*** ENTRIES SHOWN ***
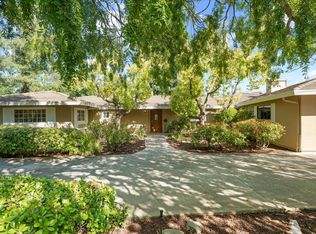 15550 Winchester Blvd, Monte Sereno, CA 95030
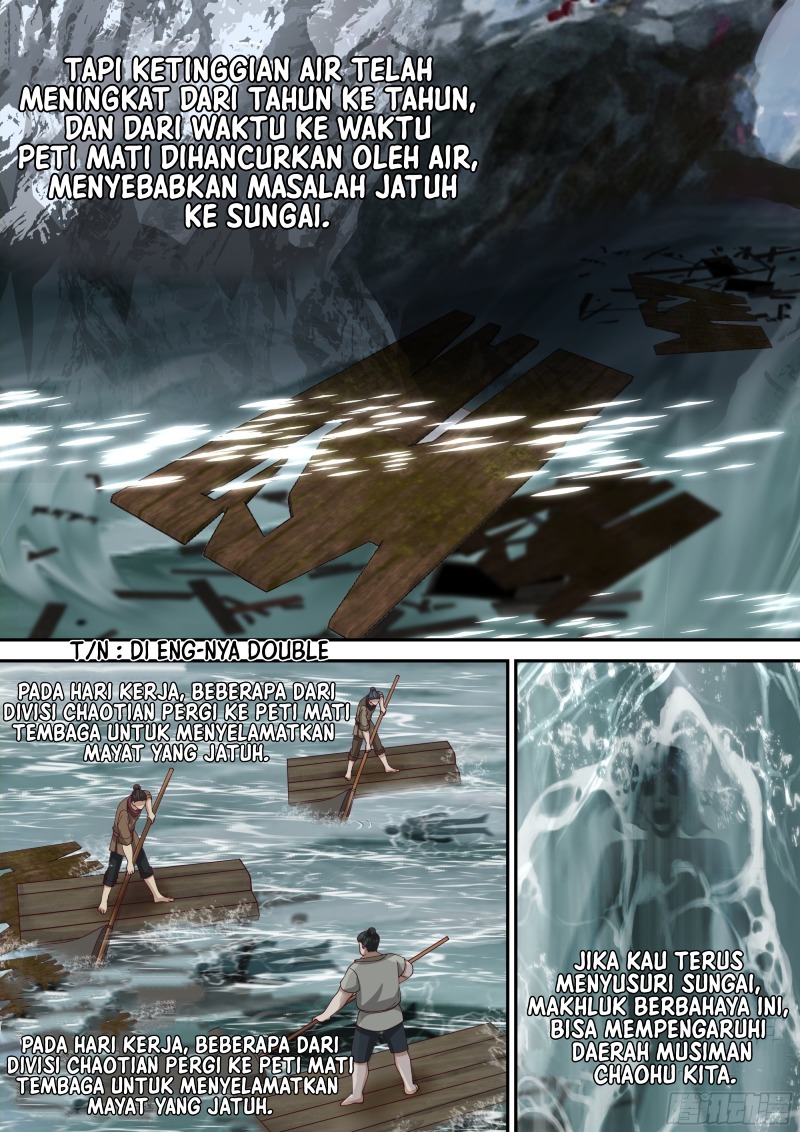 Godly Pet Has Opened Up for Me Again Chapter 14 Gambar 10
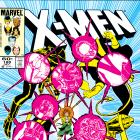 Uncanny X-Men (1963) #188 Cover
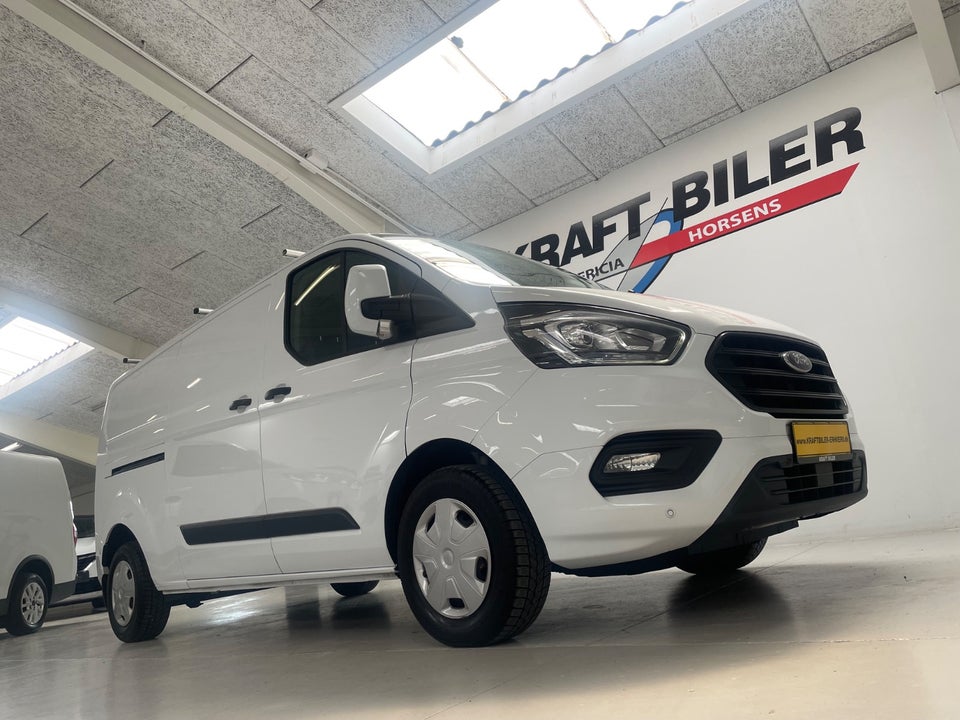 Ford Transit Custom 300L 2,0 TDCi 130 Trend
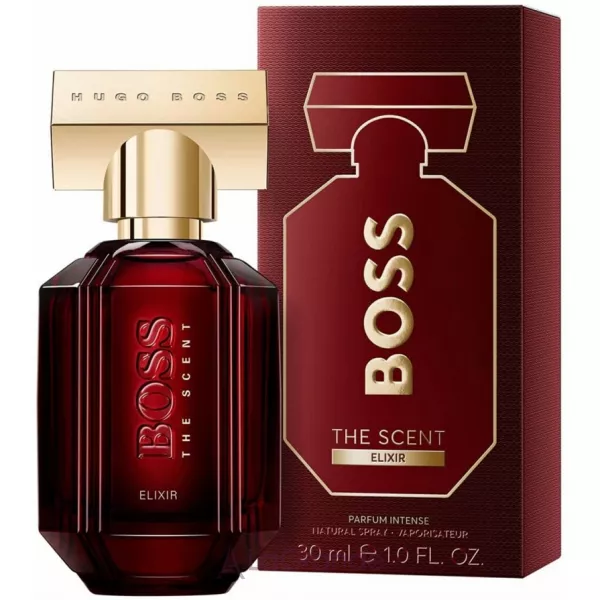 Hugo Boss Boss The Scent Elixir For Her ����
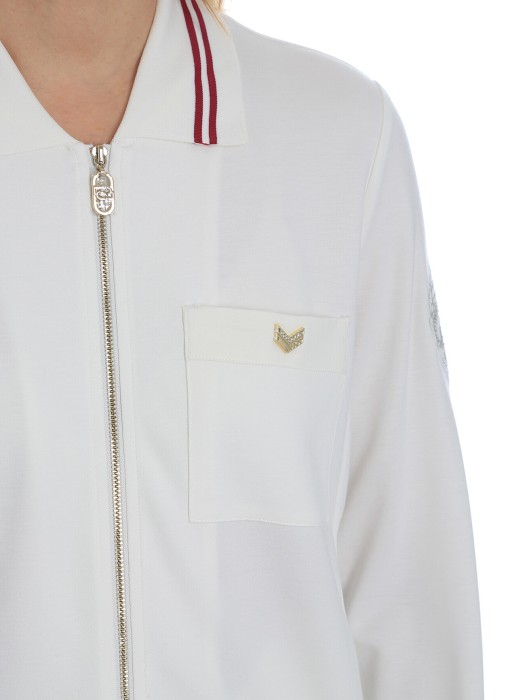 толстовка женская  по цене 20600 руб вид справа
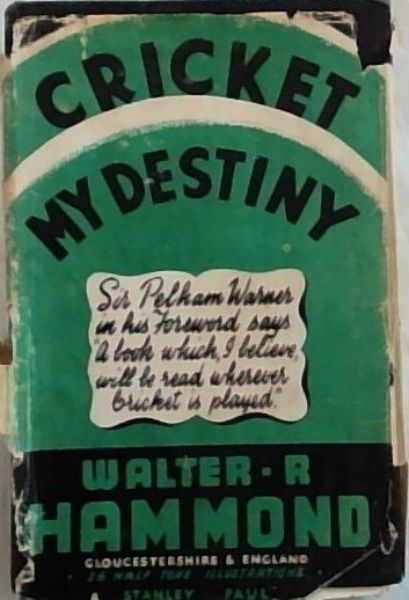 Cricket My Destiny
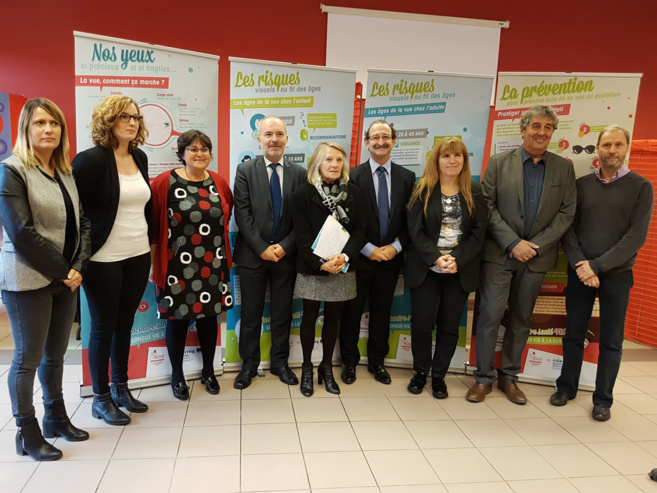 Dépistage santé et prévention pour les agents de l’administration Dépistage santé et prévention pour les agents de l’administration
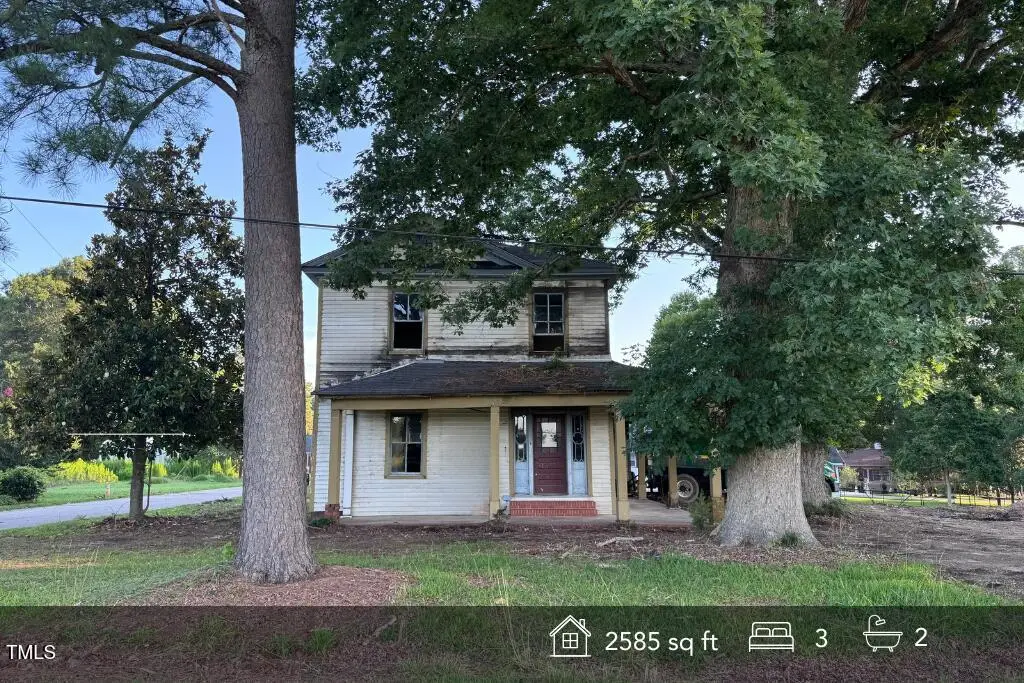12670 Robbins Road, Youngsville, NC 27596 - #1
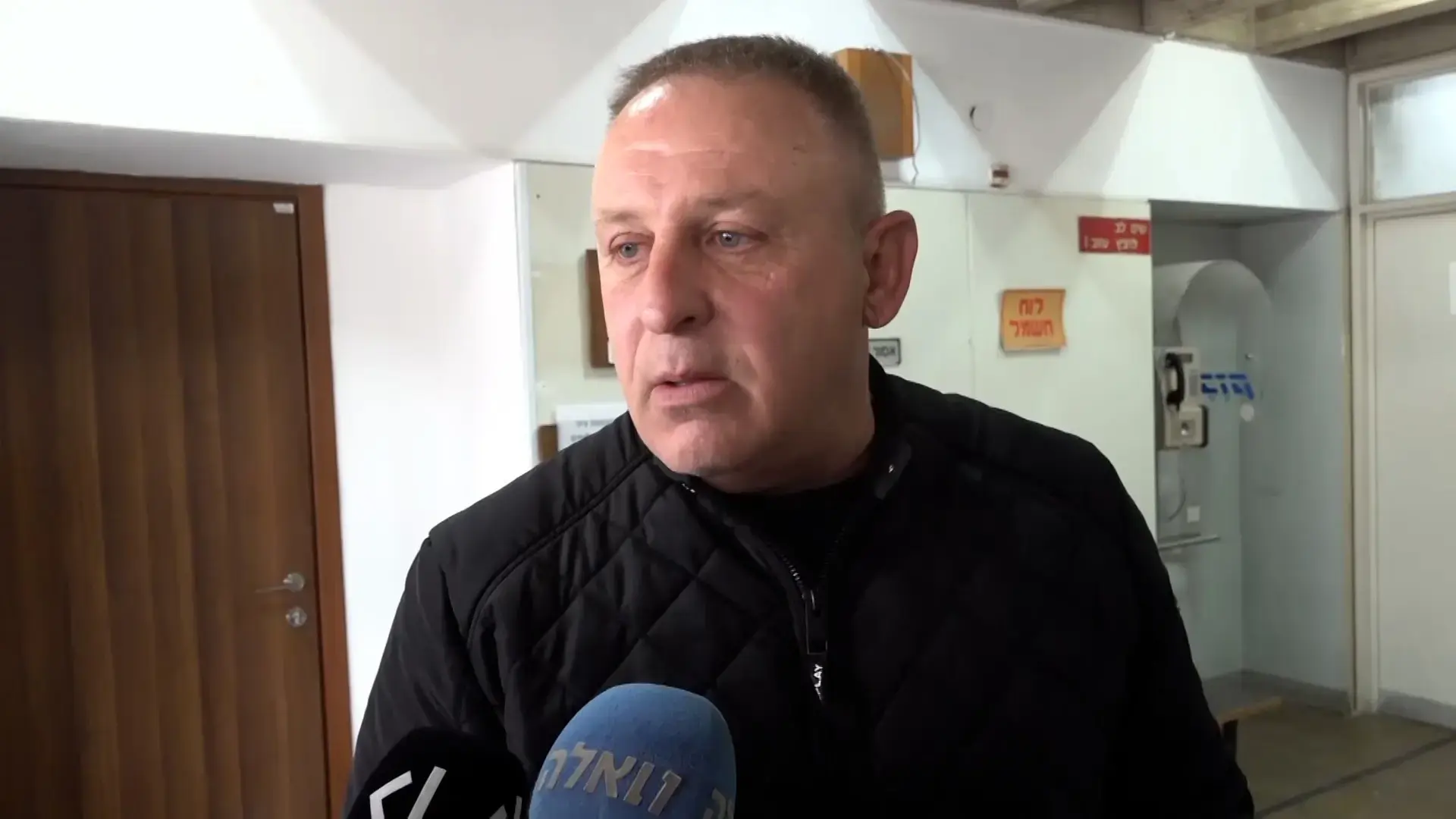 בן זוגה של נסרין קדרי שוחרר למעצר בית לאחר החשד לתקיפת רום ברסבלסקי | אביו: ״רום, אני אוהב אותך-מחילה״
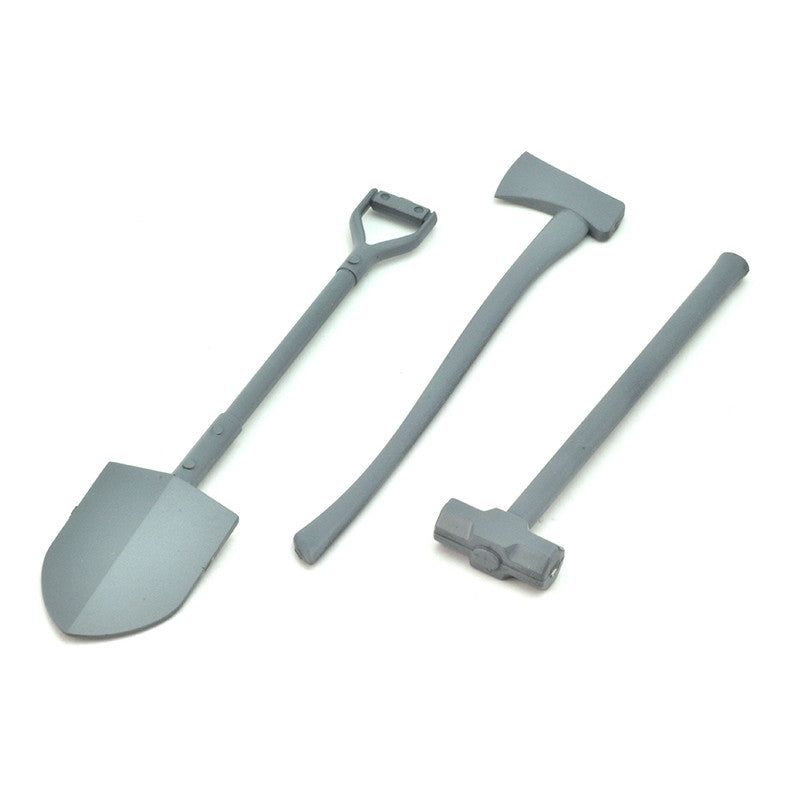 【新品即納】[PTM] (再販) LittleArmory(リトルアーモリー) LD026 1/12 近接武器セットA プラモデル(307532) TOMYTEC(トミーテック)(20250831)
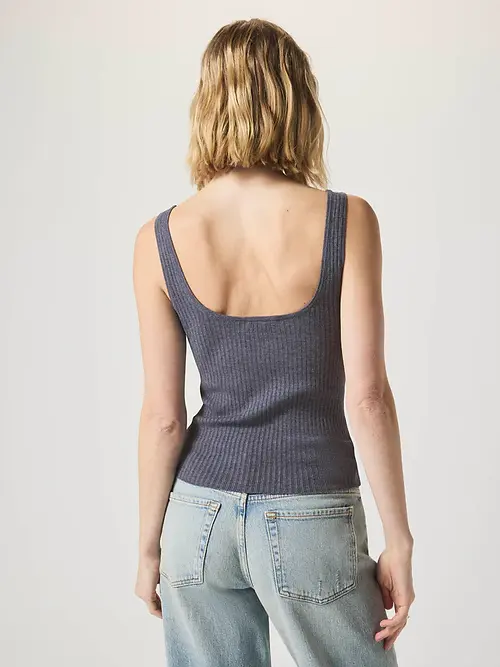 SPLENDID SAIGE SWEATER TANK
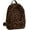 Brown, variant on Fashion Backpack Y2K Purse Backpack, Cute Fuzzy Daypack Grunge Alt Emo Shoulder Bag Cheetah Chic Coquette Harajuku Bag (Leopard Print) Unisex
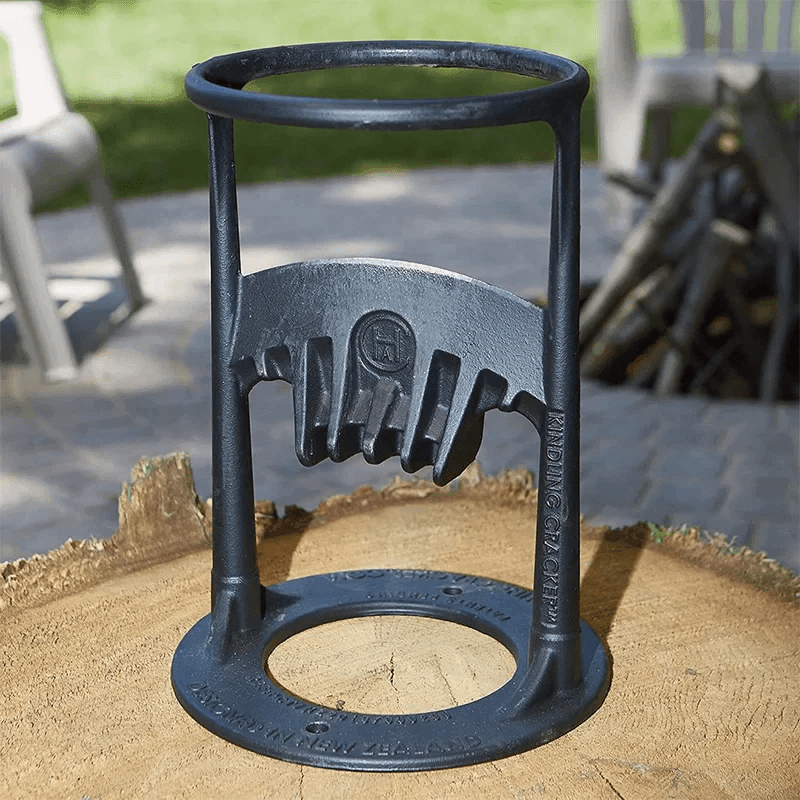 SwiftSplit™ | Drie keer sneller hout hakken!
***
(WHAT IS REQUIRED)
Using the entries above, transcribe every line from the line containing "Cricket My Destiny" through the line containing "Brown, variant on". Do not copy pictures.

(TASK RESPONSE)
 Cricket My Destiny
 Dépistage santé et prévention pour les agents de l’administration Dépistage santé et prévention pour les agents de l’administration
12670 Robbins Road, Youngsville, NC 27596 - #1
 בן זוגה של נסרין קדרי שוחרר למעצר בית לאחר החשד לתקיפת רום ברסבלסקי | אביו: ״רום, אני אוהב אותך-מחילה״
 【新品即納】[PTM] (再販) LittleArmory(リトルアーモリー) LD026 1/12 近接武器セットA プラモデル(307532) TOMYTEC(トミーテック)(20250831)
 SPLENDID SAIGE SWEATER TANK
 Brown, variant on Fashion Backpack Y2K Purse Backpack, Cute Fuzzy Daypack Grunge Alt Emo Shoulder Bag Cheetah Chic Coquette Harajuku Bag (Leopard Print) Unisex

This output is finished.